Even that was too good an outcome for those who would not have had Armitstead anywhere near Olympic participation following the imbroglio of her three missed drugs tests.

Armitstead remained defiant in the face of continued criticism, not least by many of her rivals in the peloton, but admitted that the trauma of recent weeks had rendered her “a zombie” at times.

“I can’t feel sorry for myself. This is sport and that’s what it’s about. You open yourself up for judgement. I never gave up and for that I can be proud of myself. Obviously I’ve lost quite a lot of sleep and it’s been a hard time, but it’s not an excuse,” she said.

“Once I’ve got a number on my back I’m a totally different person and I’m focused and it didn’t enter my mind once in the race. I was totally focused on what I do best, which is ride my bike quickly.”

BBC pundit Chris Boardman questioned the safety of the course in the downhill section at Vista Chinesa that saw Annemiek van Vleuten knocked unconscious in a horrible crash whilst leading the chase for gold.

“I’m actually quite angry because I looked at the road furniture and thought nobody can crash here and get up. This was way past technical, this was dangerous,” he said.

Team GB were among the last units to reach the start line. Scrutiny immediately fell upon Armitstead, a cameraman stationed to her left as the clock ticked down. She did her best to focus.

There were some nervous exchanges with team-mate Nikki Harris to her right, and a smile to acknowledge the episodic shouts of “Go Lizzie” from the tight cabal of family and friends in the crowd.

Armitstead was the main focal point from the get-go (Getty)

There was early drama, too, when Armitstead, who else, suffered a puncture inside the first 10 kilometres. The subsequent delay awaiting the delivery of a replacement bike forced Armitstead into a punishing lone pursuit to catch the group, just as team-mate Emma Pooley unwittingly stretched the peloton at the head of the race.

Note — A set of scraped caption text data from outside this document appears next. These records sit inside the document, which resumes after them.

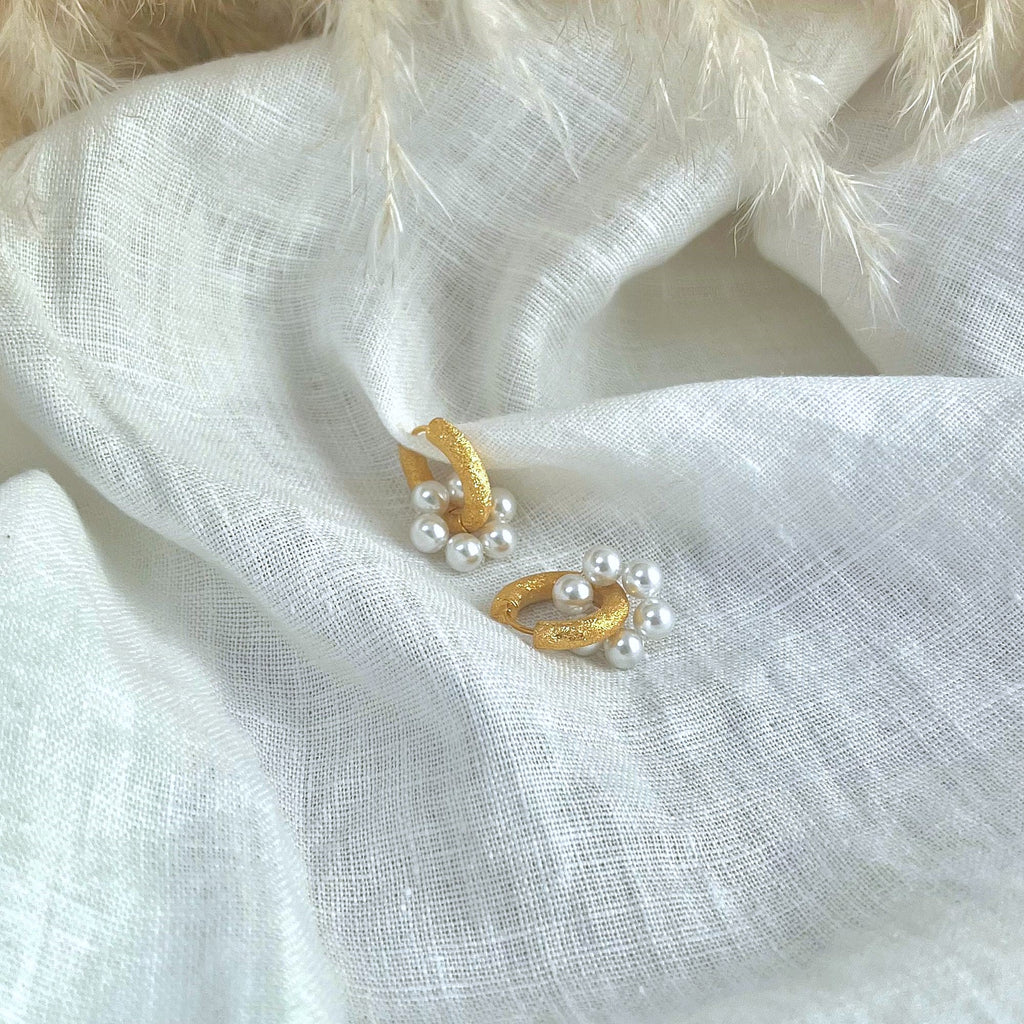 Chunky gold earrings with pearl charms on a white linen background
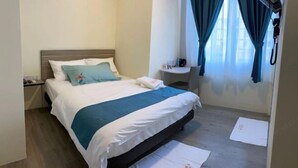 A hotel room with a bed, a nightstand, a small table with a lamp, and a window with curtains.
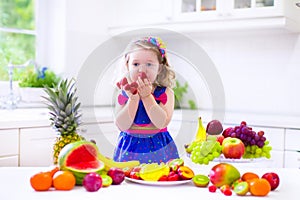 Little girl eating water melon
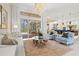 Bright living room open to the kitchen featuring hardwood floors, a modern chandelier, and access to the patio at 12311 Newcastle Pl, Lakewood Ranch, FL 34202
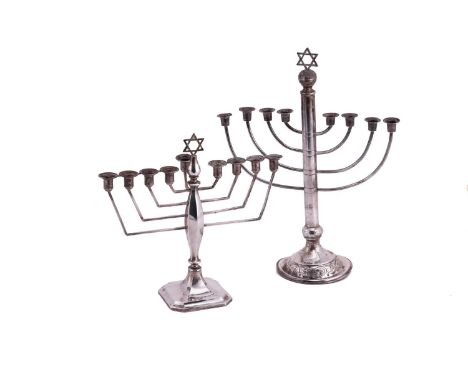 A silver menorah with curved branches and columnar stem; to an engraved domed circular base. London 1928 by Moshe Rubin, 32 c
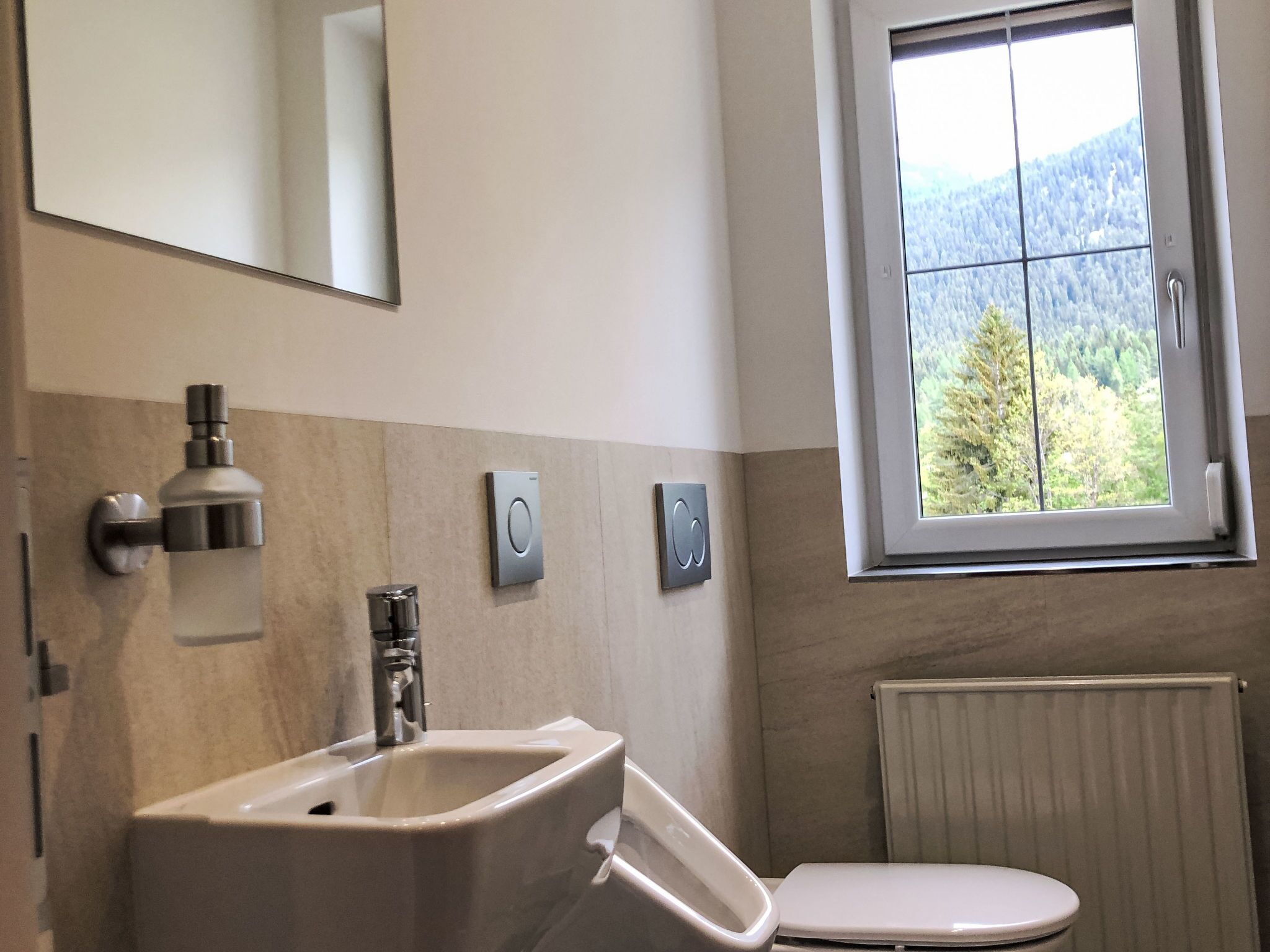 A bathroom with a sink, toilet, and a window with a view of a forest.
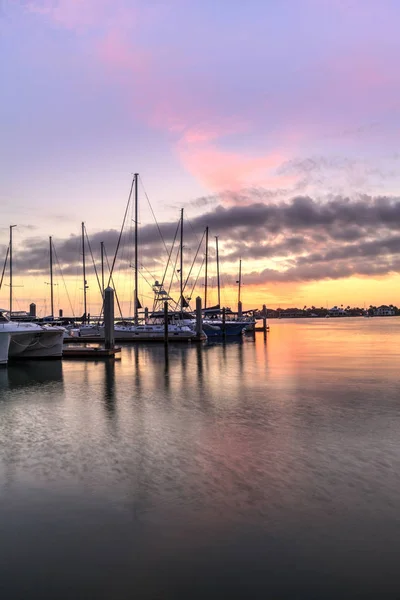 Break of dawn sunrise over boats and sailboats at Factory Bay ma — Stock Photo, Image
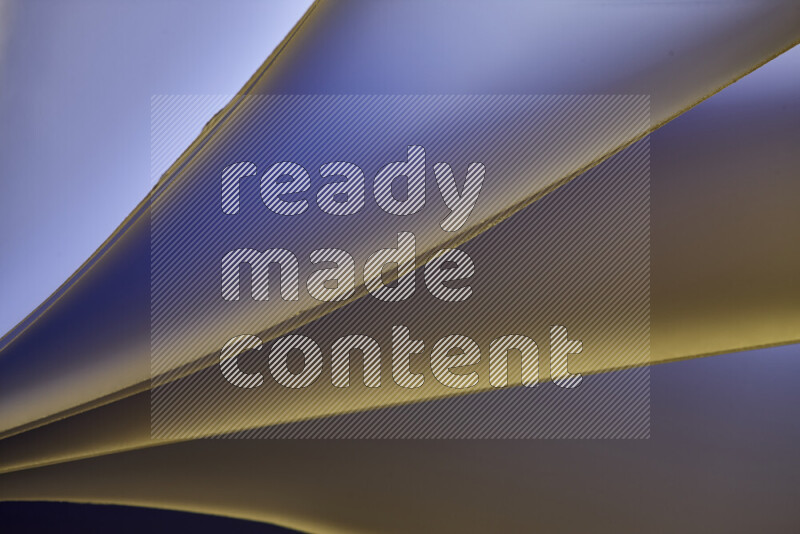 An abstract art piece displaying smooth curves in warm and cold gradients created by colored light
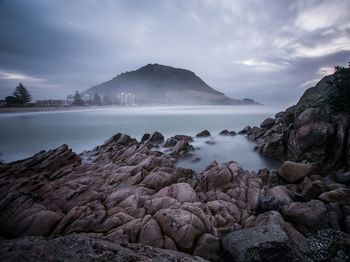 Scenic view of sea against cloudy sky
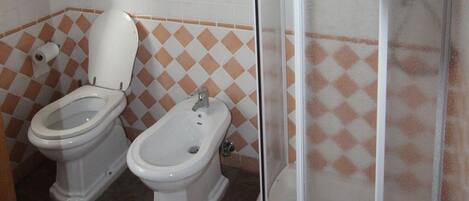 A bathroom with two toilets, a bidet, and a shower.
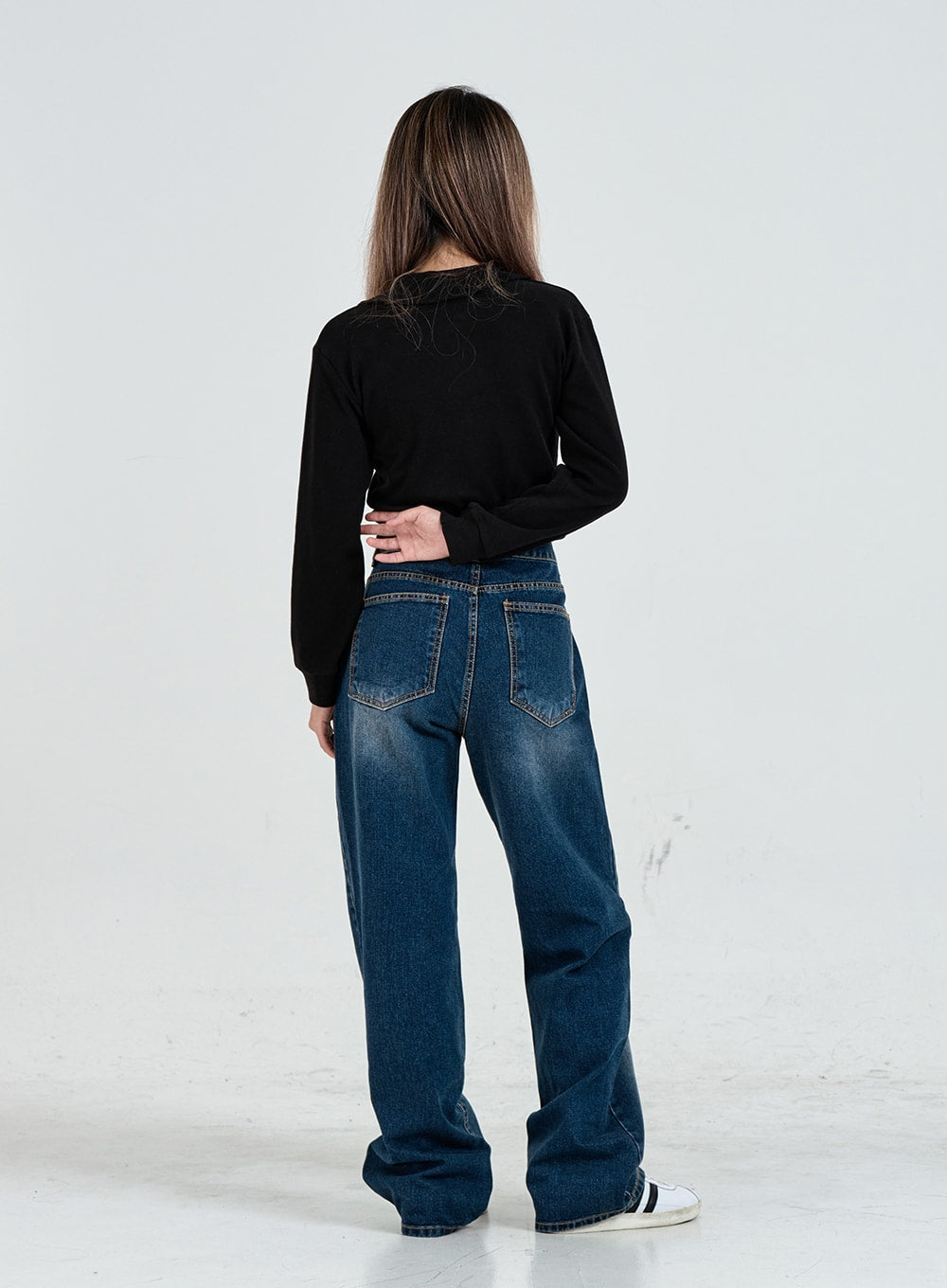 Wide Leg Faded Color Denim Pants CO11 in blue gradation, full-body back view on model, two back patch pockets, faded gradation wash on back leg, wide floor-length hem, black long-sleeve top.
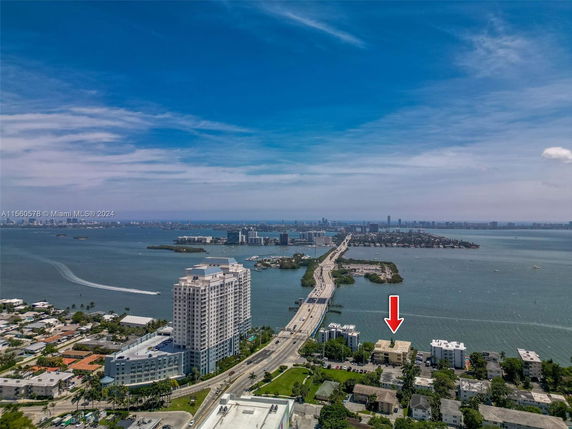 Aerial view showing a bridge, waterway, and surrounding cityscape.
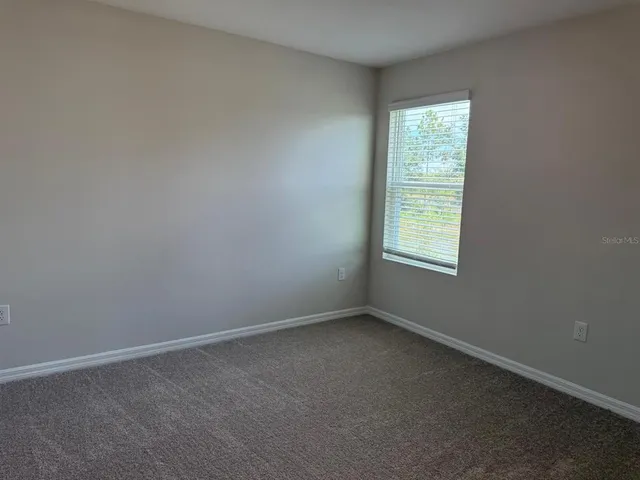 a view of a hallway with entryway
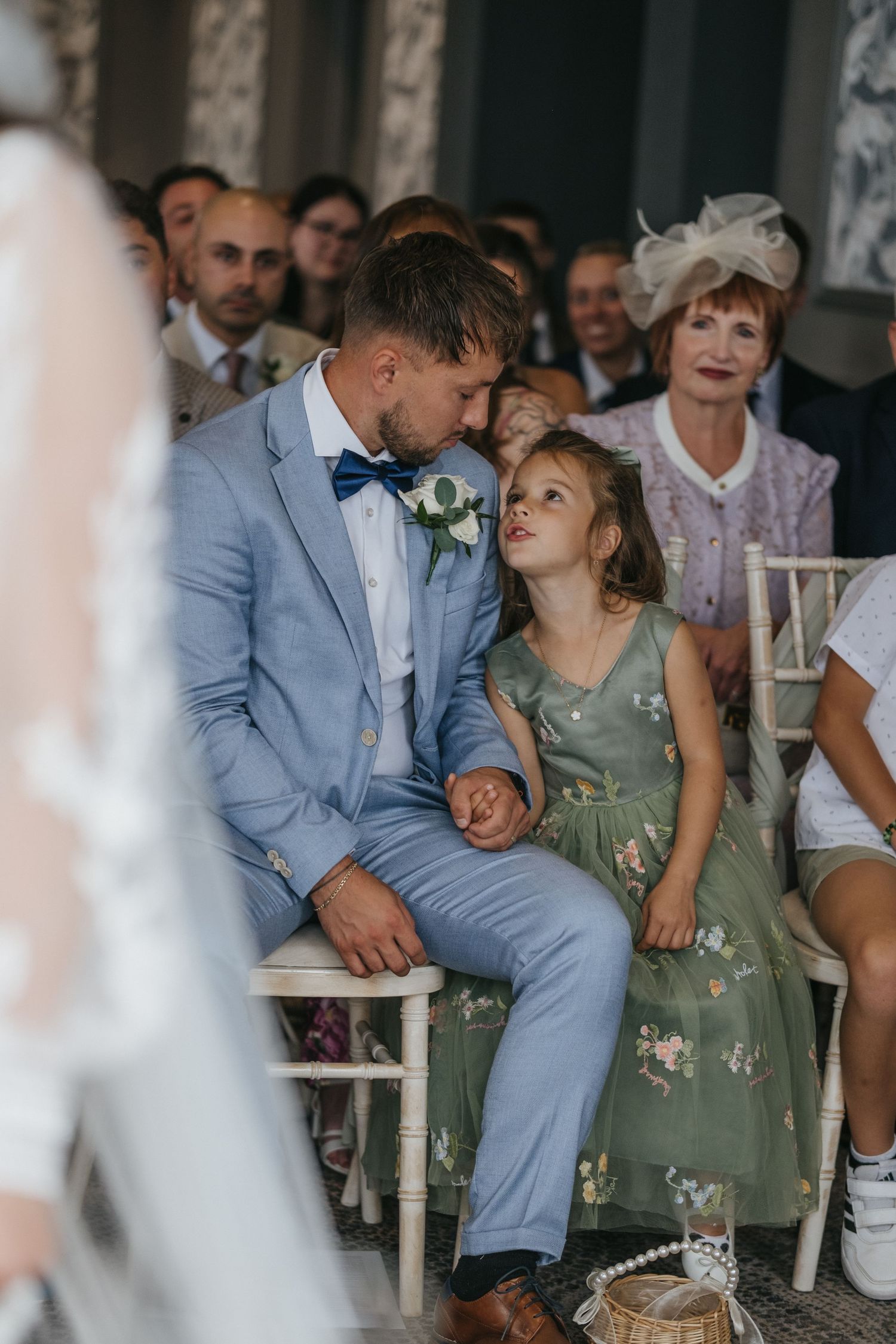 Groom in light blue suit shares tender moment with flower girl in green floral dress during outdoor wedding ceremony.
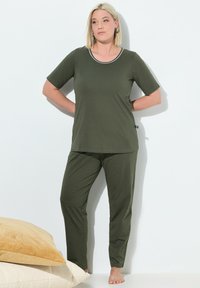 Conjunto de pijama verde oliva con una blusa de manga corta que presenta un escote blanco y pantalones de patrón de lunares. Tejido suave, corte relajado.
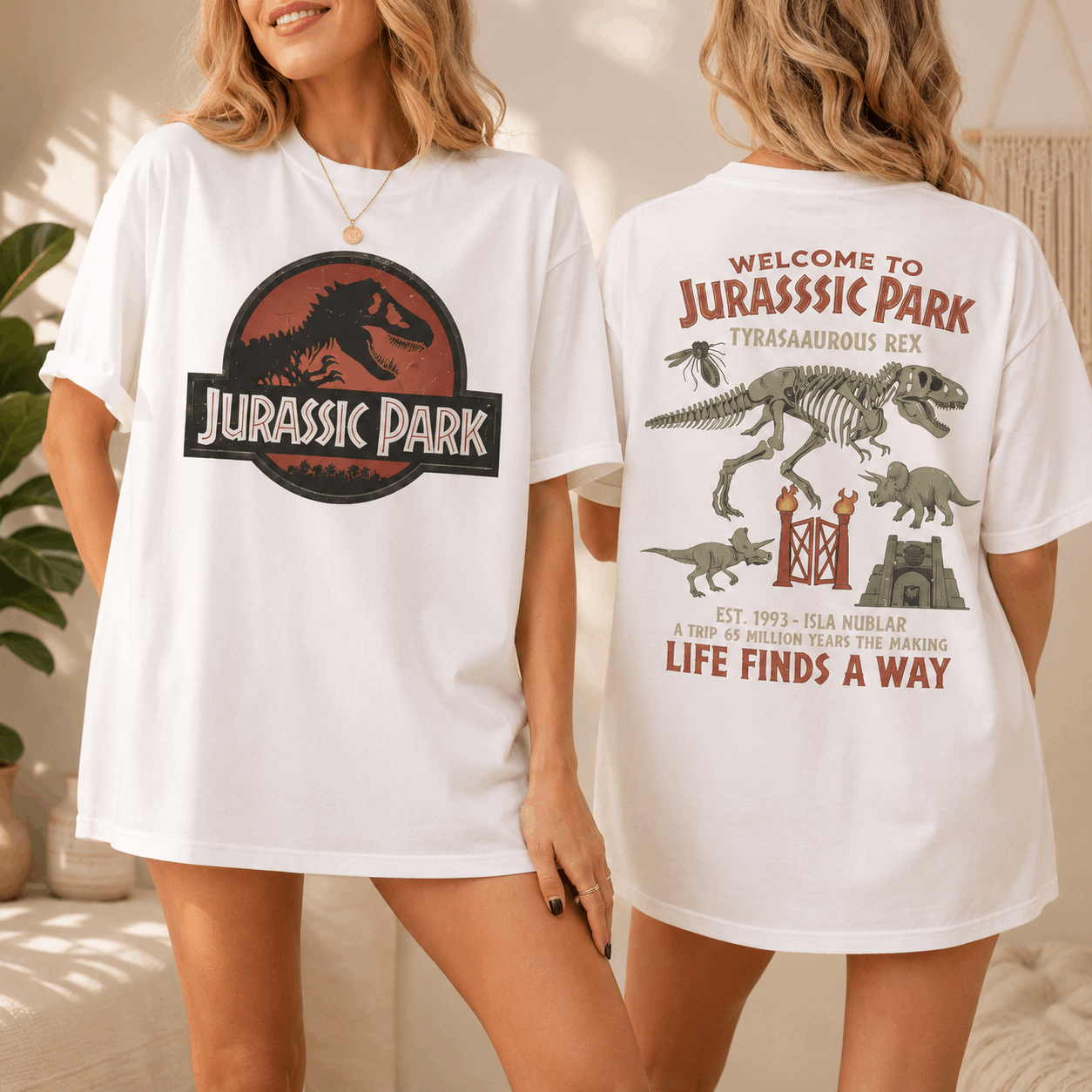 Two women modeling matching oversized white T-shirts with Jurassic Park graphics, showing both the front and back designs in a softly lit indoor setting.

Convention dictates a team-mate drops back to help the stricken. Since there is no radio contact between team and rider there was no sign of that from Harris, a detail that evinced what looked like a stiff rebuke from Armitstead when she finally rejoined the group.

Anna van der Breggen celebrates winning gold in the women's road race

The heat spike that blazed thoughout the men’s race had fallen back to seasonal temperatures in the low 20s as the peloton powered towards the day’s last climb, Vista Chinesa, in the final hour of the contest.

Just as that very hill decided the outcome of the men’s race so too did it determine the medal hopefuls among the women, with the added complication of drizzle in the tree-lined descent.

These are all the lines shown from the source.